Microsoft Azure's Southern US Data Center Goes Down For Hours, Impacting Office365 and Active Directory Customers (geekwire.com) 86
New submitter courcoul alerted us to Azure outage, which is affecting several customers in many parts of the world: Some Microsoft Azure customers with workloads running in its South Central US data center are having big problems coming back from the holiday weekend Tuesday, after shutdown procedures were initiated following a spike in temperature inside one of its facilities. Around 230am Pacific Time, Microsoft identified problems with the cooling systems in one part of its Texas data center complex, which caused a spike in temperature and forced it to shut down equipment in order to prevent a more catastrophic failure, according to the Azure status page. These issues have also caused cascading effects for some Microsoft Office 365 users as well as those who rely on Microsoft Active Directory to log into their accounts. The cooling system is the most critical part of a modern data center, given the intense heat produced by thousands of servers cranking away in an enclosed area. More resources: The official status page of Azure; and third-party web tracking tool DownDetector's assessment. Further reading: Microsoft Azure suffers outage after cooling issue.
Dad told you not to touch the thermostat! (Score:1)
D'oh!
This is why (Score:5, Insightful)
I do not like software that requires you to phone home to the mothership. The second something go wrong outside of your control it borks all your work. Office 365 is a bad joke if I have ever seen one.
Aside: Yes I know video games do this a lot but games are games and work is work.
Comment (Score:5, Interesting)
My employer was affected. Many employees could not authenticate to our third-party webapps because we use whatever the cloud-provided Active Directory SSO solution is. Ah, well. I wonder if this violated SLAs and we get some money back... My company is always concerned about not violating our SLAs to our customers (Saas), so hopefully we extract the same pound of flesh from our vendors.
Re: (Score:3)
Being dependent upon "the cloud" is not a good thing, and yet so many companies are throwing out their brains and signing up in the hope to reduce costs. The company that recently purchased my previous employer is in whole hog for Microsoft, Microsoft 360, Microsoft cloud, and anything with the word Microsoft attached, most of it all online only. To read some corporate announcements I have to log into a third party site which just seems absurd to me. When the cloud servers eventually get their inevitable
Re:Comment (Score:4, Interesting)
Being dependent upon "the cloud" is not a good thing, and yet so many companies are throwing out their brains and signing up in the hope to reduce costs.
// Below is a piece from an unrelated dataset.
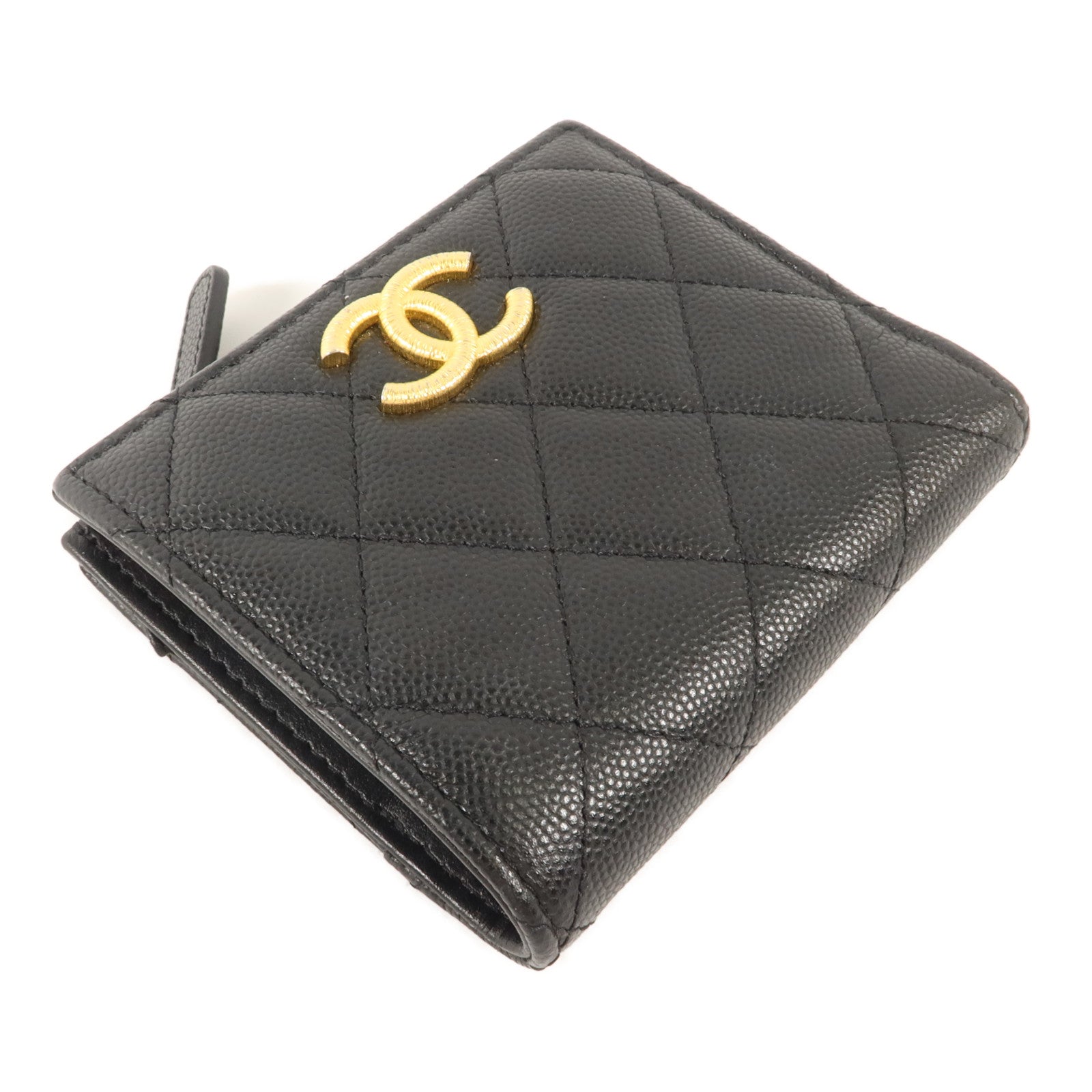 CHANEL 牛皮皮革Bifold Wallet錢包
The company that recently purchased my previous employer is in whole hog for Microsoft, Microsoft 360, Microsoft cloud, and anything with the word Microsoft attached, most of it all online only. To read some corporate announcements I have to log into a third party site which just seems absurd to me. When the cloud servers eventually get their inevitable downtime, I predict a lot of hand wringing.
I haven't seen this level of slavish devotion to a single vendor since the IBM administration.
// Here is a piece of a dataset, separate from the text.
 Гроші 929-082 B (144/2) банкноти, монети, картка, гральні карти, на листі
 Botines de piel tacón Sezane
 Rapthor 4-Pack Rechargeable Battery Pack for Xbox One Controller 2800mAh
For most small to mid-sized businesses, "the cloud" is more reliable than any solution they'd be willing to pay for. I don't know Microsoft's redundancy model, but AWS's multi-AZ model gives much more redundancy than most businesses would build themselves -- even more so for multi-region redundancy since most companies aren't going to spend the money to duplicate their production environment in another region on the other side of the country (or world).
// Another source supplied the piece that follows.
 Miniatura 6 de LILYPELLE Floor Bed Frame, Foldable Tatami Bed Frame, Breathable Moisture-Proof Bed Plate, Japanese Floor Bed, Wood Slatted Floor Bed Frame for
Though the side effect of using a cloud provider is that when a major cloud provider goes down, so do a *lot* of businesses -- but that doesn't mean they would have been better off building their own datacenter.
Re: (Score:2)
"Datacenter:" means a lot of things. When I hear it I think of something giant to support thousands of customers, as opposed to the servers supporting just internal email and documents and backups.
Re: (Score:2)
The equivalent to multi-AZ is pick the region - "Southern USA" is one of 54 different regions [microsoft.com] - when deploying a resource, one simply choose which region it goes to (different regions have different costs, different packet latency profiles, different data sovereignty and sometimes other restricted use cases.
1)If multi-AZ is "pick multiple regions", why is Azure starting (https://azure.microsoft.com/en-us/updates/azure-availability-zones-ga/ ) with multi-AZ regions? Maybe they realise AWS is onto something?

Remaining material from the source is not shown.